Rumours of the necktie’s death have been greatly exaggerated. Countless predictions of men binning their strips of silk have proven to be inaccurate. When ‘smart dress’ is required, the tie is the first weapon called from the armoury.
However, I encounter more and more people who possess handfuls of ties but who profess to be inadequate in tying them properly. A recent conversation with an acquaintance about my preferred method of tying ties led to confusion over certain terms, the most baffling of which seemed to be my use of the term ‘tie arch.’
“What the bloody hell is a tie arch?” was the response. Quite simply, it’s an invented term used to describe a portion of a tie which has been affixed to the wearer so as to allow the top of the tie to ‘arch’ out from the shirt. Unlike a tie which is worn without an arch which kisses the entire shirt placket from collar to hem, the ‘arched tie’ juts out from the collar at an angle and, in order to create the arch, the tie is secured to the shirt by a pin or clip further down the shirt placket.
It is a technique most often deployed when a waistcoat is worn. Without fixing the tie to the placket, it tends to stray from its intended position and so a clip is worn, either visible or not, to ensure it remains in place. The arched tie was more commonly seen when tab-collars were in fashion; the tab would prevent the top of the tie from falling to the placket and would create an attractive ‘arched profile.’ Ralph Lauren’s Polo look books are chock full of arched ties.

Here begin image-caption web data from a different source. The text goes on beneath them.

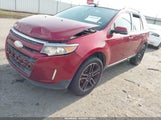 Ford Edge Sel 2FMDK3JC4EBA17116 снимка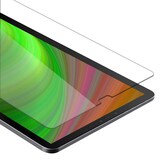 thumbnail of Cadorabo Panzer Folie für Samsung Galaxy Tab S4 (10.5" Zoll) T830 / T835 in Transparent Schutzfolie Tablet Gehärtetes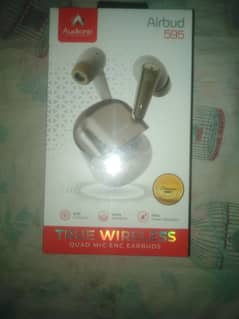 Original Audionic Airbuds 595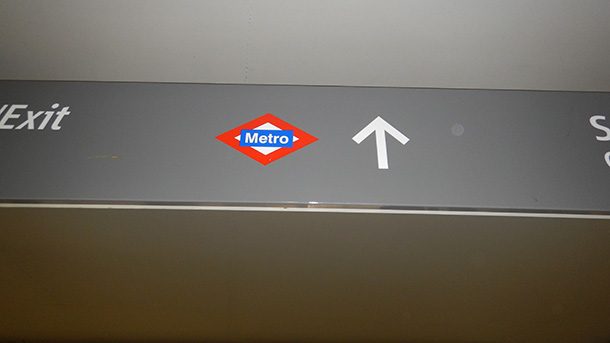 Metrô Aeroporto Madrid Metrô Aeroporto Madrid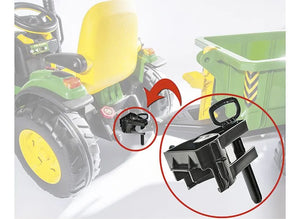 Rolly Toys Adapter For Peg Perego Tractors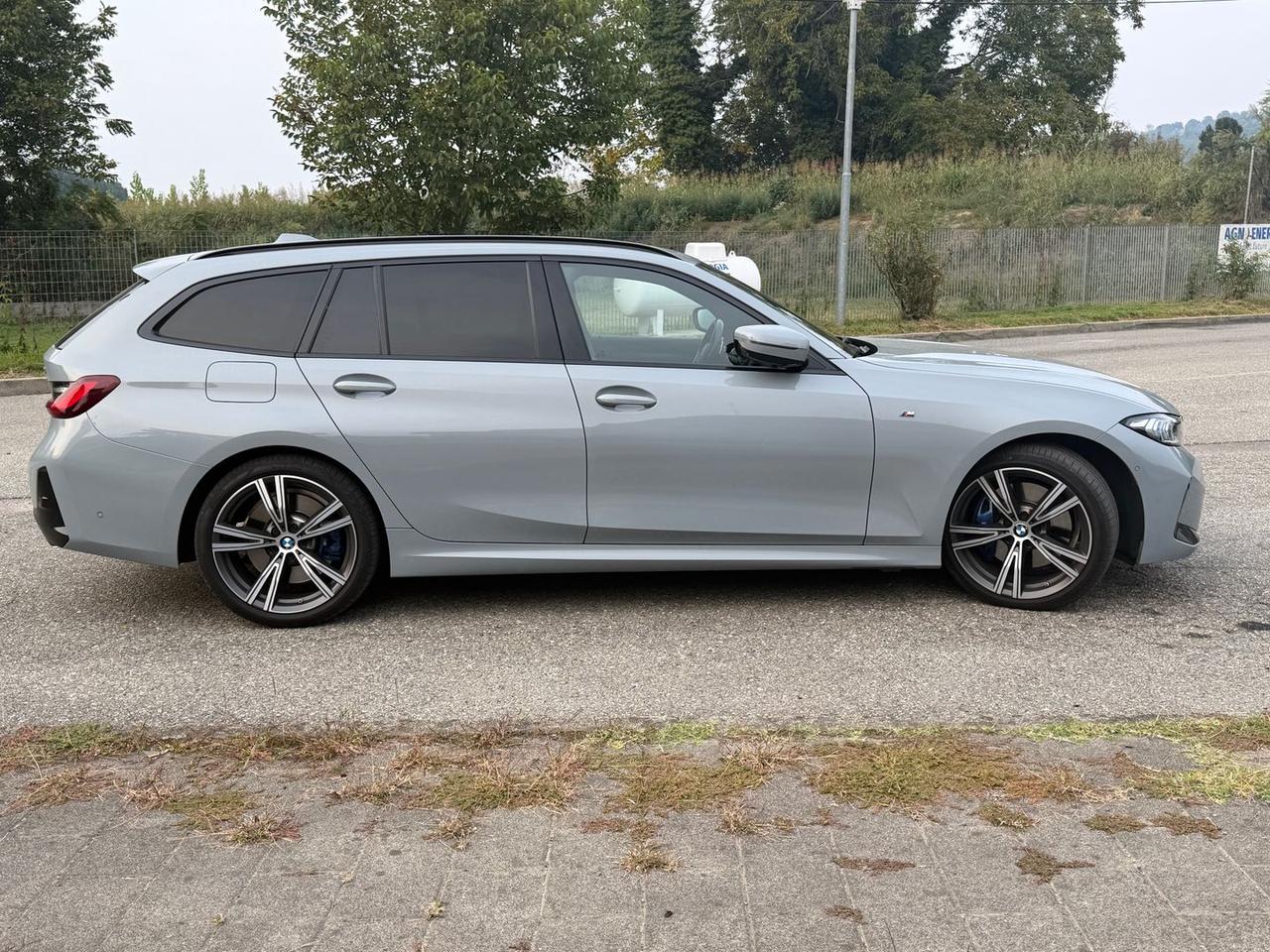 Bmw 320 d MHEV Msport *IVA ESPOSTA* #50503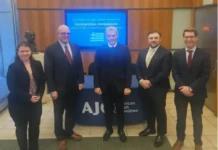 Σημαντικές συναντήσεις του Υφυπουργού Κώστα Καραγκούνη στις ΗΠΑ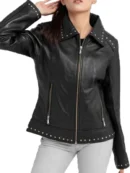 womens studded black leather jacket_480ff86c bc14 4fc6 8652 5cdb97d04696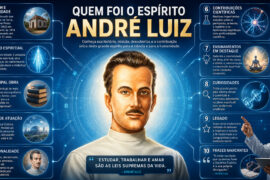 QUEM FOI O ESPÍRITO ANDRÉ LUIZ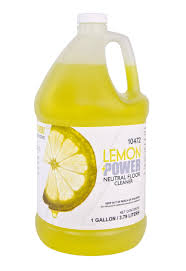 PH7 LEMON CONCENTRATE / NEUTRA L CLEANER / GALLON [EACH]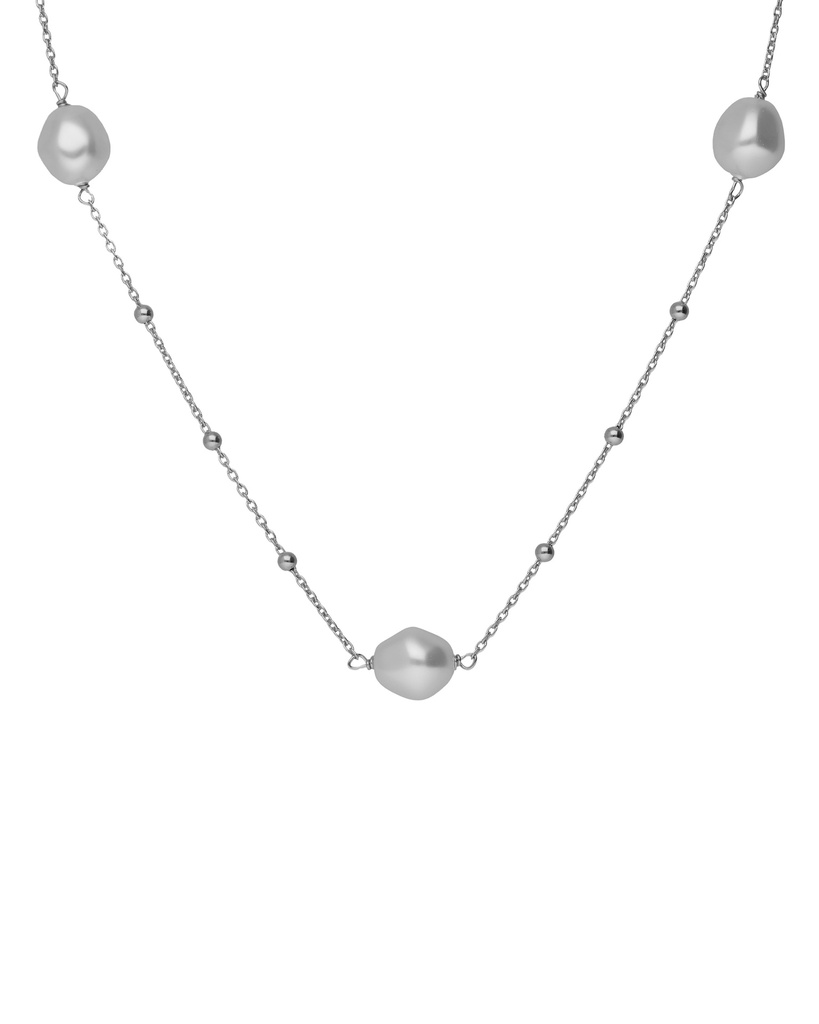 VC Jewelry 1958 SL, VICTORIACRUZ, Колье(A5566-00HG) Женские испания колье,  механизм, серебро 925 проба, 65  см.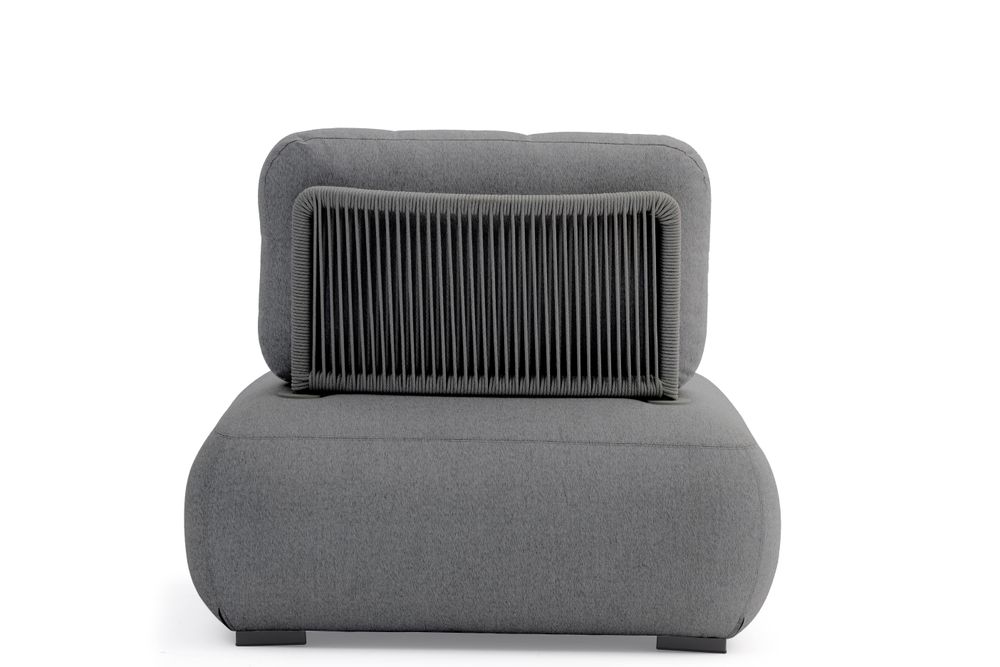 Canapés de jardin - Fauteuil de jardin OLALA - COUTURE JARDIN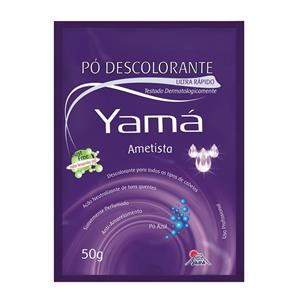 Pó Descolorante Yamá Ametista - 50g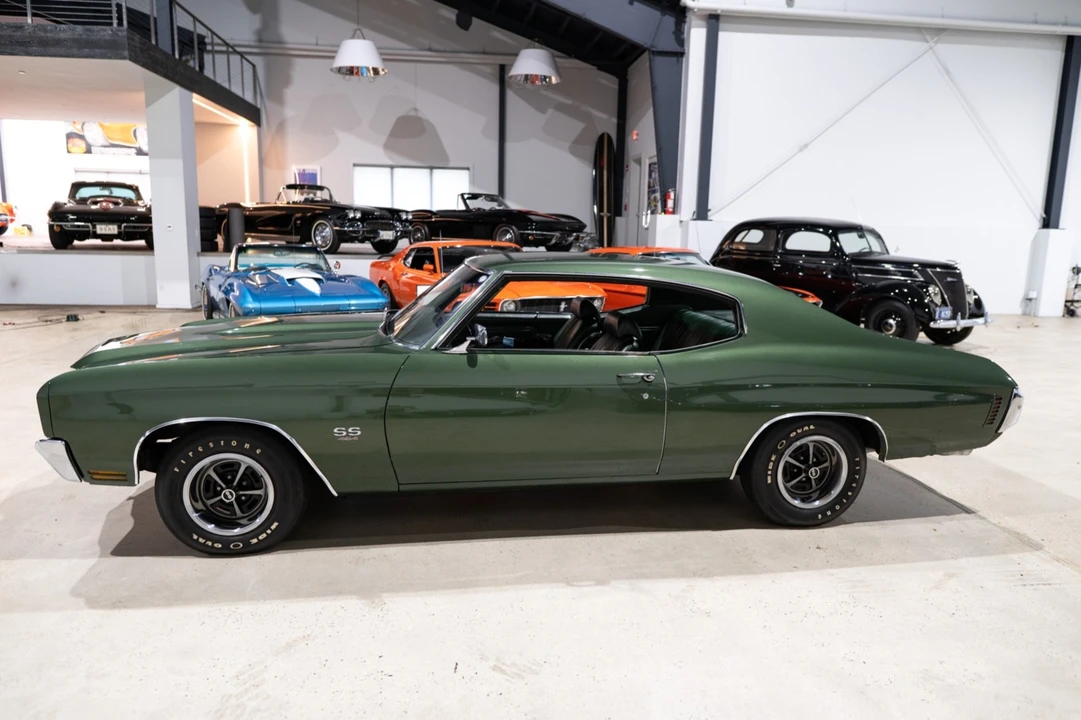 1970 Chevrolet Chevelle 2nd Gen - Image 7 of 21
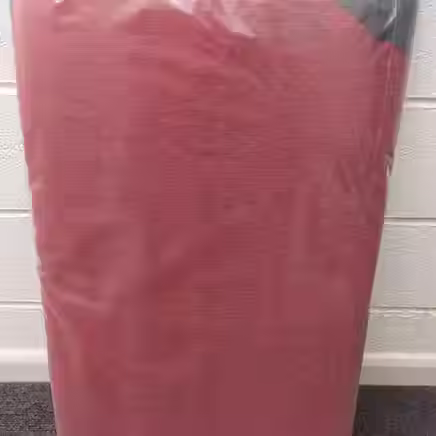 Thumbnail: SAME DAY HEADBOARDS - single silver chenille  headboard  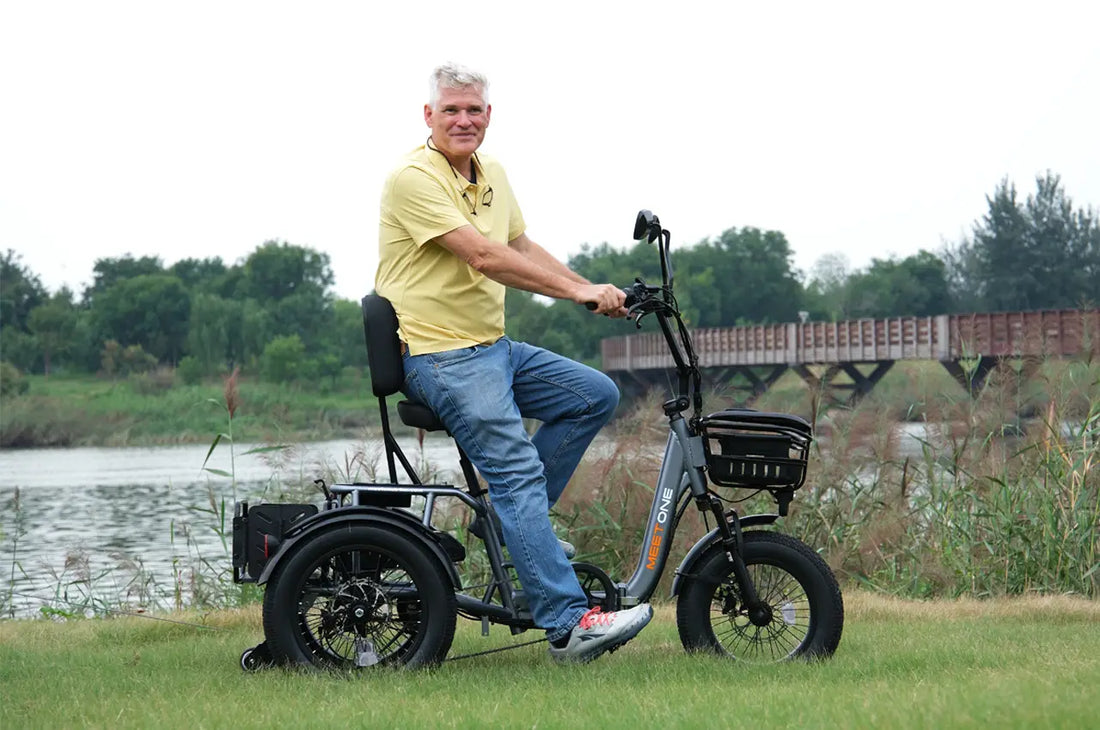How to choose an affordable and practical electric trike
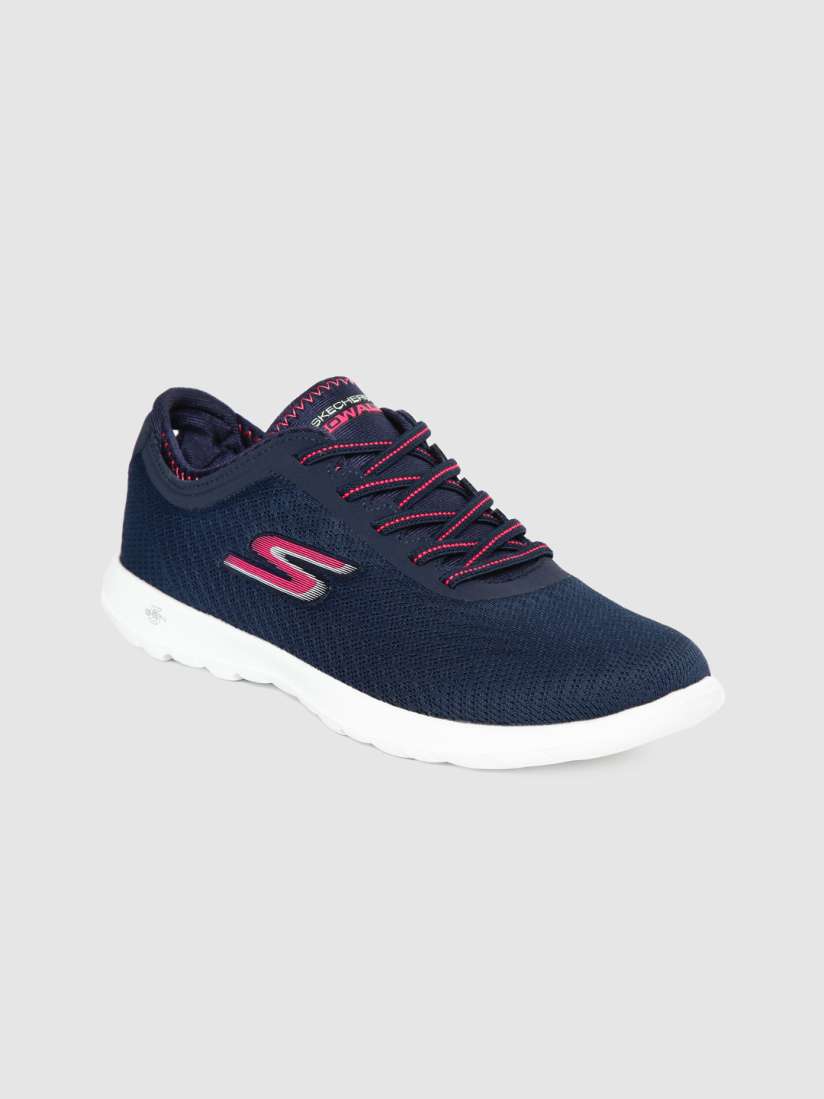 Buy Skechers Women Navy Blue GO WALK LITE IMPULSE Walking Shoes Sports Shoes for Women 7777950 Myntra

With a tab or bar collar, it is possible to create a little arching without using a pin or clip to secure the tie but a normal collar requires such assistance. To create the most attractive tie arches, tie a standard four-in-hand snugly and make sure the tie is pushed up inside the collar; this will affect the position of a tie as worn with a tab or bar collar i.e. at the top, not the bottom, of the collar.
Next, take a tie-clip or pin to secure the tie to the placket and insert it at a point that creates a satisfactory arching or, if you prefer, ‘ruffling’ of the fabric. The diagram on the right illustrates how this is done.
The look is best achieved with waistcoats because without, an arched tie secured to the upper half of the shirt tends to look like a hosepipe with a kink.